Recent data from Immigration, Refugees, and Citizenship Canada (IRCC) shows that Canada exceeded its target for the number of permanent residents it planned to welcome in 2023.
According to the most recently available IRCC backlog data, the department welcomed 471,550 new permanent residents in 2023. This is an increase of 33,950 over 2022’s 437,600.
The number exceeds the target for 2023 in the Immigration Levels Plan 2023-2025, which planned to welcome 465,000 permanent residents. The department considered candidates from Express Entry programs, the Provincial Nominee Program (PNP) and their spouses, partners and children.
IRCC also posted the figures for the number of temporary residence applications it finalized. Note that these numbers represent the number of final decisions made on candidate applications and some among them are rejections.
Work Permits: 1,646,300 applications were finalized including extensions, an increase of 503,330 over 2022. This includes applications through both the Temporary Foreign Worker Program and the International Mobility Program.
Study permits: 1,089,600 study permits were finalized including extensions. In 2022, IRCC processed 917,900 final decisions on study permits, a year-over-year difference of 171,700.

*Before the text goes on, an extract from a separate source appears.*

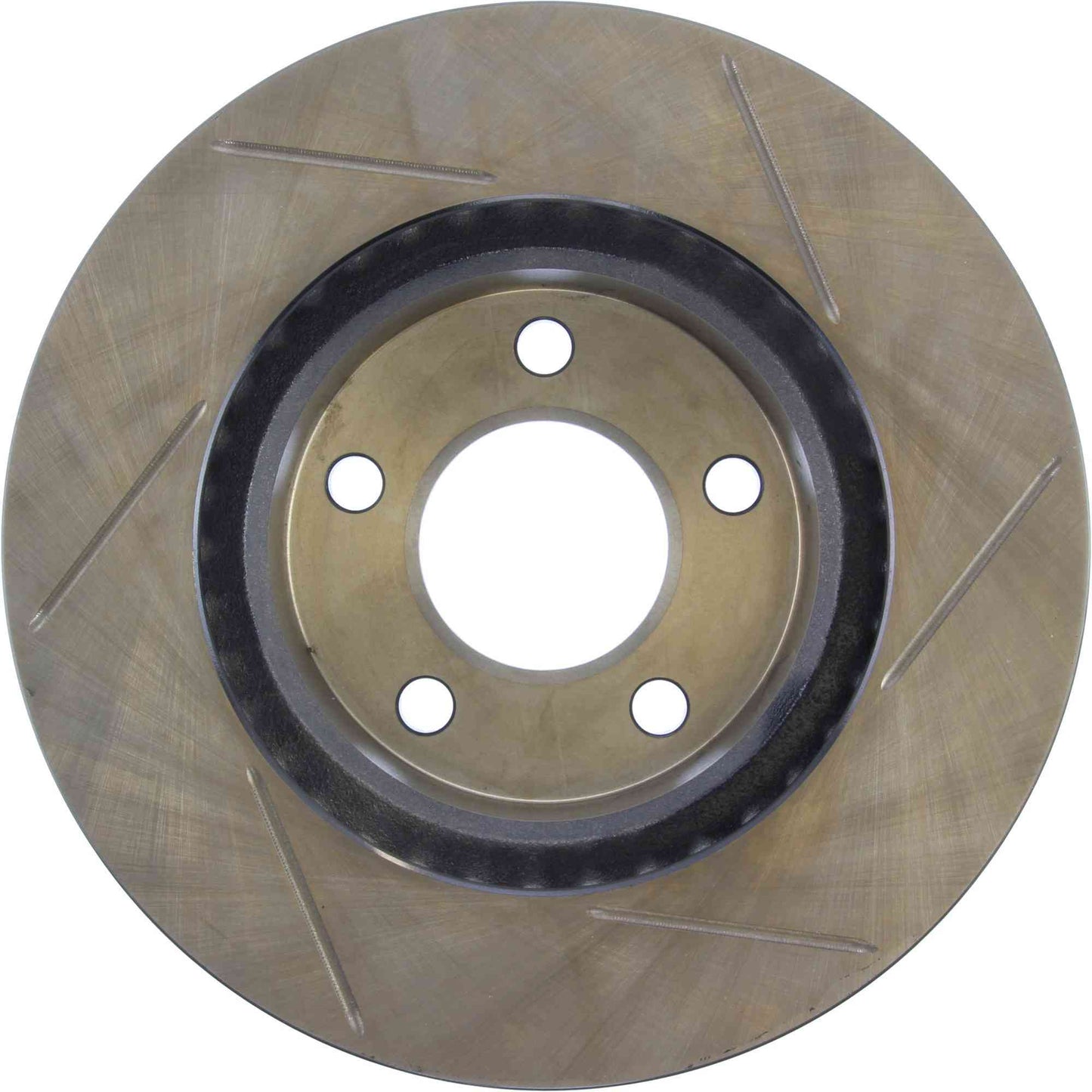 StopTech Slotted Sport Brake Rotor 126.63003SR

Finally, IRCC data shows that 293,000 newcomers became Canadian citizens between April 1 and December 31,2023, an increase of 13,900 over the same period in 2022 (279,100).
Immigration Levels Plan
The number of new permanent residents welcomed in 2023 shows that IRCC is on track to meet its target of 485,000 in 2024.
Over the following two years, 2025 and 2026, IRCC plans to welcome 500,000 new permanent residents.

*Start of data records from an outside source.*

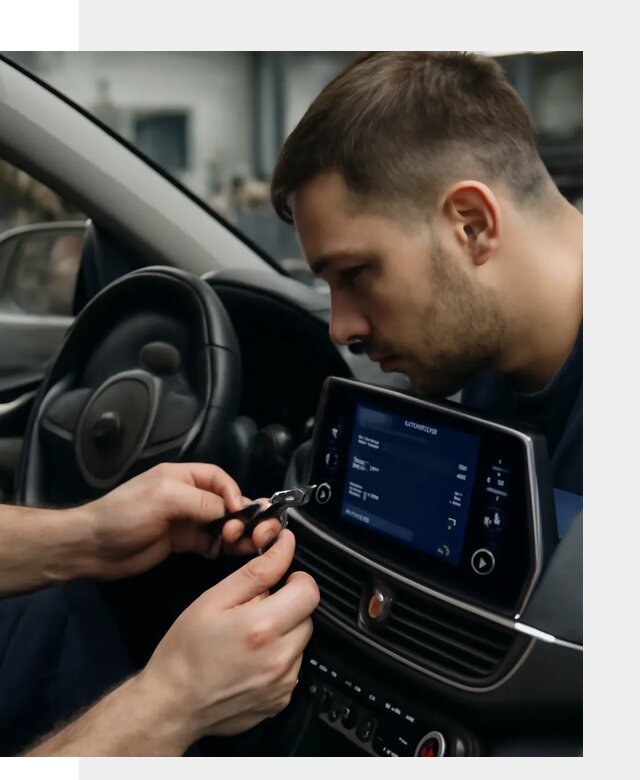 Русификация мультимедиа автомобилей Kia под ключ в Кинешме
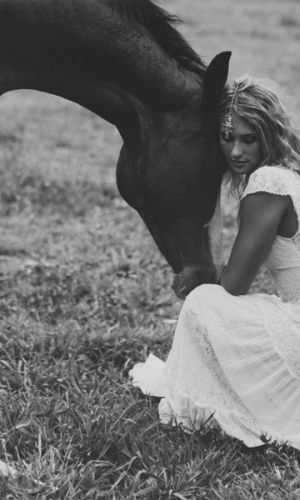 girl, cute and bohemian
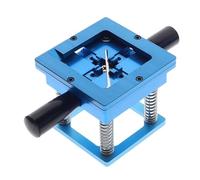 BGA reballing kit 90 * 90mm BGA reballing Station with Hand Shank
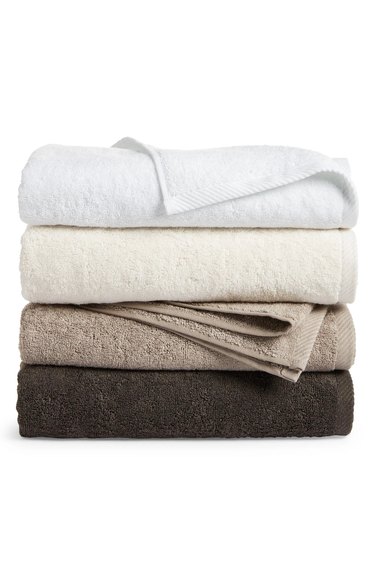 assorted towels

Every year, IRCC releases the Immigration Levels Plan for the next three years. The Plan sets targets for permanent resident admissions to Canada. It does not set targets for temporary residents such as those on a work or study permit.

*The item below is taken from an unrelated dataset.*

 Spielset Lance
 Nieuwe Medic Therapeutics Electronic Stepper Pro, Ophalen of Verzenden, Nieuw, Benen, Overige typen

IRCC does not cap the number of permanent residents who can be admitted to Canada or have their applications processed.
However, on January 22 IRCC introduced a cap on the number of study permits it will issue in 2024. The department says it will issue just 360,000 new study permits, although there is no cap on the number of permit renewals or for new permits for students at a graduate level of studies.
Further on February 1, the department published ministerial instructions saying that it would limit the number of study permit applications processed to 606,250.
IRCC’s current backlog
As of December 31, 2023, there were 2,221,100 applications in inventory at IRCC. Of those, 949,500 were in the backlog.
IRCC has a mandate to process 80% of immigration applications across all lines of business within service standards, or the length of time that the department has mandated it should take to process an application.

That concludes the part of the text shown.